Kevin Keatts, UNC-Wilmington

Keatts was on Louisville’s staff for the 2013 national championship run and prior to that, he was the coach at Hargrave Military Academy. The 44-year old took the UNC-Wilmington job in 2014 and has the Seahawks soaring. In his second season, Keatts led UNC-Wilmington to a 25-8 record and an NCAA tournament berth and they’re once again in the tournament this season. That quick turnaround — UNC-Wilmington was 42-80 in four seasons before his arrival — has Keatts on the list as a potential candidate for several openings this spring.

Will Wade, VCU

The 34-year old Wade is one of the youngest coaches in college basketball, but he’s been impressive in stops at Chattanooga and VCU. He began his career as the director of operations at Clemson before taking an assistant position at Harvard. From there, Wade became an assistant at VCU under Shaka Smart and then was hired at Chattanooga. In two seasons, Wade led the Mocs to a 40-25 record and once Smart departed for Texas, the Rams hired Wade.

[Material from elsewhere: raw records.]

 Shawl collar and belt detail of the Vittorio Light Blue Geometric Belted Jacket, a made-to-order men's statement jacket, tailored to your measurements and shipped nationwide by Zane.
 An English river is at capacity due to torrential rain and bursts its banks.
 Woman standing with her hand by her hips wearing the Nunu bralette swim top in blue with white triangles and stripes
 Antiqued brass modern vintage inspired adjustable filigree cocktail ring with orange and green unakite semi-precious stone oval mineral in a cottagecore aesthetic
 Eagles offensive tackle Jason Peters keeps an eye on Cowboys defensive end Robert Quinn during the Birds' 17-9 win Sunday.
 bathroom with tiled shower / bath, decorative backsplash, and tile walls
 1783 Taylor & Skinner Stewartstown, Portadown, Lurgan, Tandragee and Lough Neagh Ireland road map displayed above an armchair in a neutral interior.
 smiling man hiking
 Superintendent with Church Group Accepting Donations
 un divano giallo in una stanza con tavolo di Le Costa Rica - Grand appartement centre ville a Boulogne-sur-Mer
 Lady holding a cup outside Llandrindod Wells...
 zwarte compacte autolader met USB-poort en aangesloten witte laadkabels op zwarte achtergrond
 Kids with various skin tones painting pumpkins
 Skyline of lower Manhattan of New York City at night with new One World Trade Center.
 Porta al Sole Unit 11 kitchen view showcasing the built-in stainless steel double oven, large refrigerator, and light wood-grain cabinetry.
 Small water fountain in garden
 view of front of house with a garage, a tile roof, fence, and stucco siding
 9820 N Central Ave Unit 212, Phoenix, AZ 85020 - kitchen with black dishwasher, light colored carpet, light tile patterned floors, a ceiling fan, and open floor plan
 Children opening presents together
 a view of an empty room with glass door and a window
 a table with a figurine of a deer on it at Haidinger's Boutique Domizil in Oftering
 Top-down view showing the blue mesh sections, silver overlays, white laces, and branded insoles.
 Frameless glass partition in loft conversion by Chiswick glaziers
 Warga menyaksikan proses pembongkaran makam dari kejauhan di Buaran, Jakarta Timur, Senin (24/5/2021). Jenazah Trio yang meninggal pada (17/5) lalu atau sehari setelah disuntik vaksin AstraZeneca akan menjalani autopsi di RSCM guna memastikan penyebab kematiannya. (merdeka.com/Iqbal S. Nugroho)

He led VCU to the second round of the NCAA tournament in 2016 and has VCU dancing again this season. Wade is expected to be a popular name this spring as the coaching carousel heats up.

Dane Fife, Michigan State

One of the heroes of Indiana’s 2002 national runner-up team, Fife was the coach at IPFW for six seasons before moving to Michigan State to work under Tom Izzo as an assistant coach in 2011. He’s only 37, knows the Big Ten and midwest well and obviously has Indiana ties as he played for four seasons in Bloomington for Bob Knight and Mike Davis. He would also be well received by Hoosier fans, but some may also question if he’s ready for a job like Indiana. However, he’s currently learning from a Hall of Famer in Izzo, has recruited the state of Indiana successfully in East Lansing and will be in line for a job sooner rather than later.

Randy Wittman

Wittman, a member of Indiana’s 1981 national championship team, was fired by the Washington Wizards last April after missing the playoffs. Prior to that, he guided the Wizards to consecutive second round appearances. He’s spent his entire coaching career in the NBA with head coaching stops in Cleveland, Minnesota and Washington and assistant coaching stops in Indiana, Dallas, Minnesota, Orlando and Washington. The question here is: Can he recruit? He’s never done it, which really hurts his candidacy. Wittman would obviously have some support among those who believe the program needs a former player at the helm, but seems like a reach that he’s never led a college program.